Cuando llegaron a casa, la muchacha subió directamente a su habitación en el piso de arriba. El sol empezaba a morir en el horizonte, tiñendo el cielo de malva y rosado. Ana se desprendió el velo negro que le cubría la cara y toda su melena rizada cayó sobre su espalda como una cascada. Se sentó en la cama y se cubrió la cara con las manos, exhausta. Incluso con los ojos cerrados, seguía viendo esos ojos claros, presas del terror.
David subió las escaleras en silencio y vio a su hermana hecha un ovillo en el borde de la cama. Se quitó la chaqueta con tranquilidad y la dejó sobre las sábanas. Después se sentó y rodeó la cintura de la chica con los brazos, apoyando la barbilla entre los rizos negros.
—¿Te encuentras bien?
—Me duele la cabeza —contestó ella, bajando las manos para entrelazarlas contra las de su hermano—. ¿Quién, David? ¿Y por qué?
David suspiró y agachó la cabeza. Con la frente aplastaba el suave cabello de su hermana. El frío empezaba a colarse por las rendijas de las ventanas. Tenía hambre y le pesaba la cabeza. Quería meterse en la cama y olvidar con el sueño. Pero tampoco podía borrar la visión de los cuerpos en el suelo, la sangre, el olor de la muerte en sus manos. Se estremeció cuando recordó que todavía lo tenía pegado a los dedos.

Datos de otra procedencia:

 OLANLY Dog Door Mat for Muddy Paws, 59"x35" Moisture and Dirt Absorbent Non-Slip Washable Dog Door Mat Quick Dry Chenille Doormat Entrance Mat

Ana olfateó el aire y tiró de la mano de su mellizo. David se resistió, pero no pudo evitar que su hermana inhalara el hedor.

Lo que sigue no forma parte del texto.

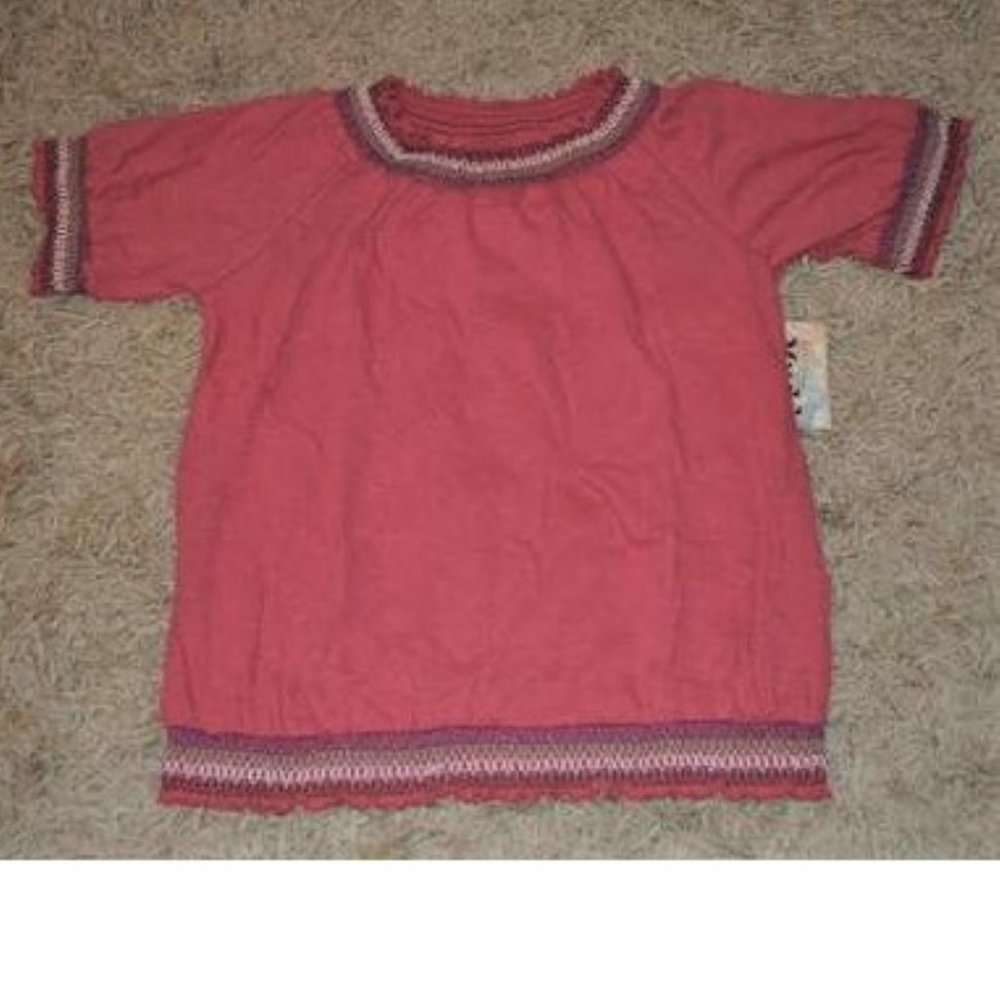 Girls Peasant Top 7/8 Mudd Pink Short Sleeve Banded Hem Shirred Slubbed Crew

—David... —ahogó ella. Giró la cabeza para mirar los ojos turbados de su hermano.
—He enterrado a los perros —murmuró—. No sé cuántas veces me he lavado las manos, no consigo quitarme esta peste —el final de la frase fue un deje de rabia.
Se quedaron callados un momento. Ana contempló las primeras estrellas por la ventana abierta, sin poder deshacerse de esos ojos asustados. Se mordió el labio y apretó muy fuerte las manos de David. El cielo se oscurecía muy despacio.
El mellizo levantó la cabeza y se quedó mirando las estrellas también.
—Esta noche es la última de luna menguante —comentó.
—¿Y qué?
—Nada. Hoy es la noche en la que vuela el Cazador de Estrellas.